• about me
  • menu
  • categories
  • Agi Tiara Pranoto

    Agi Tiara Pranoto

    Seorang Blogger Indonesia yang berdomisili di Yogyakarta. Selain menulis, dia juga sangat hobi bermain game FPS. Cita-citanya adalah mendapatkan passive income sehingga tidak perlu bekerja di kantor, apa daya selama cita-cita itu belum tercapai, dia harus menikmati hari-harinya sebagai mediator kesehatan.
    Yogyakarta, Yogyakarta City, Special Region of Yogyakarta, Indonesia

    Dibalik Pengalaman Nyaris Celaka...

    pengalaman nyaris mati


    "I've never been happier to see you!"

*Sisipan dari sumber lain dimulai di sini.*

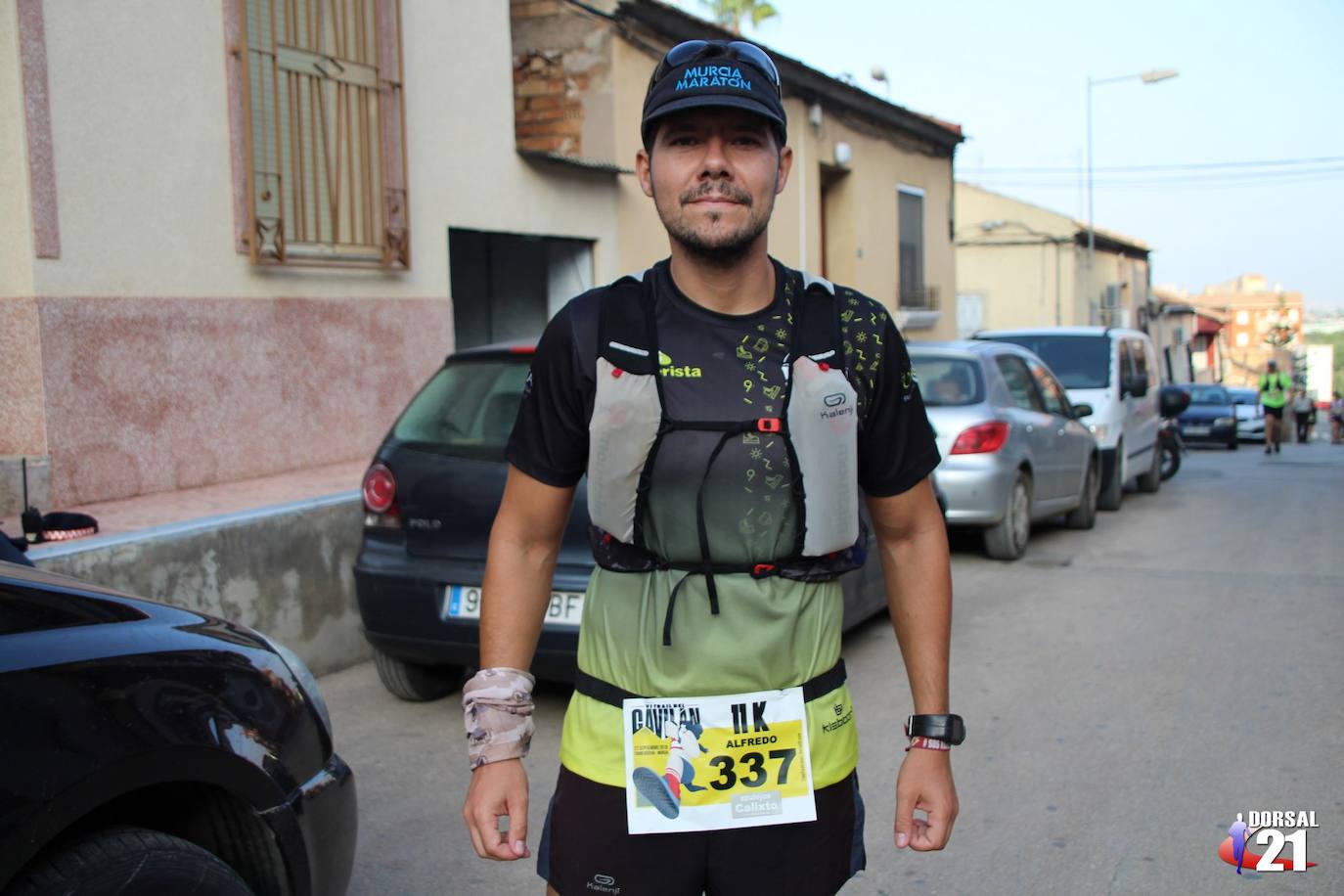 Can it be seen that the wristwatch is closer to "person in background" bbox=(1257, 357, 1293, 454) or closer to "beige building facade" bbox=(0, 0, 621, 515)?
"beige building facade" bbox=(0, 0, 621, 515)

    Itulah kata-kata pertama yang keluar dari mulut saya kepada dua orang sahabat saya dan suami saya ketika saya melihat mereka sore ini.

    PS: kalimat yang sama juga terucap didalam hati ketika saya bertemu salah satu profesor yang mata kuliahnya berhasil membuat saya jungkir balik belajar keras semester lalu. 

    Kok bisa?

    Jadi hari ini, saya dan kedua teman saya, sebutlah W & D, pergi ke salah satu pusat perbelanjaan di Yogyakarta. Setelah puas nongkrong-nongkrong dan ngopi-ngopi maka kami pergi mencari kado untuk pak suami yang akan ulang tahun minggu depan. Saat kami berencana turun lewat eskalator, tiba-tiba persis dibelakang saya ada suara gaduh dan saya melihat ada besi jatuh dari atas di belakang kami. 

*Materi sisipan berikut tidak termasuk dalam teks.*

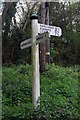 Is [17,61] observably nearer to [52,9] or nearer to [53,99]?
[52,9]

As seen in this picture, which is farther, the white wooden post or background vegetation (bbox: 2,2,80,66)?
background vegetation (bbox: 2,2,80,66)

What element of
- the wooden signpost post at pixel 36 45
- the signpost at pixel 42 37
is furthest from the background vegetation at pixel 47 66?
the signpost at pixel 42 37

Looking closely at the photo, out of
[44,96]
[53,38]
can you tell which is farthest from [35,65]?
[53,38]

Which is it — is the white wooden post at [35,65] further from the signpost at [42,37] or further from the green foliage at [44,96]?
the green foliage at [44,96]

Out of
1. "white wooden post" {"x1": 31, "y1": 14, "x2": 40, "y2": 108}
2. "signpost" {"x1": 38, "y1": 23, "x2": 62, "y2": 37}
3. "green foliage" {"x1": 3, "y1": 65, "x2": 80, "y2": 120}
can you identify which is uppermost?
"signpost" {"x1": 38, "y1": 23, "x2": 62, "y2": 37}

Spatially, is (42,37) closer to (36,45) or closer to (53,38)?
(36,45)

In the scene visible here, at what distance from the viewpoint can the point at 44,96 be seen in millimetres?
4484

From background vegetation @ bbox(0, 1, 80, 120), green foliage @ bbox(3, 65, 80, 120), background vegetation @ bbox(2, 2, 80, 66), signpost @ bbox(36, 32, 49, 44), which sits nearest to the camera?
green foliage @ bbox(3, 65, 80, 120)

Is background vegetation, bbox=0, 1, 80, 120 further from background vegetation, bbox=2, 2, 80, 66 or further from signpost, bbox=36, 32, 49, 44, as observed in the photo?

    Shock. Panik. Lutut super lemas karena kalau saya telat sedikit turun ke eskalator mungkin si besi akan mengenai kepala kami. Besinya kecil sih, tapi still... sukses bikin saya yang pengen skip cek EKG bulan ini membatalkan niat buruk tersebut. Sampai dibawah kami ditenangkan oleh staf salah satu tenant di pusat perbelanjaan itu.

    Setelah lebih tenang, saya memutuskan untuk pindah ke toko sebelah yang merupakan toko interior dan furniture. Persis saat saya dan W sedang memilih-milih tempat make-up dari acrylic...

    LAMPU MALL MENDADAK MATI. IT WAS PITCH BLACK. I ALMOST CRIED. 

    Baru juga mulai tenang, eh mendadak kaget lagi. untung teman-teman saya langsung memegang tangan saya dan menenangkan saya, lantas kami menyalakan senter dari handphone masing-masing dan mencari pintu keluar. Seorang security dari toko interior itu berusaha menenangkan kami. Beberapa saat kemudian lampu di toko itu menyala tapi tidak dengan lampu di bagian lain mall. Karena suasana yang ramai, suara penjelasan mengenai mati lampu dari intercom di pusat perbelanjaan itu juga jadi tidak terdengar lagi.

    Asli, begitu lampu menyala, saya dan kedua teman saya langsung angkat kaki seribu langkah dari pusat perbelanjaan tersebut tanpa aiueo dan babibubebo (walaupun D sempat beli es teh kemanisan).

    Jujur, pada saat lampu menyala dan saya melihat wajah teman-teman saya lagi... asli rasanya lega bercampur happy. Gak tau kenapa, kayak seolah-olah saya gak akan melihat wajah mereka lagi, but i still do anyway.

    And I have never been this thankful before. 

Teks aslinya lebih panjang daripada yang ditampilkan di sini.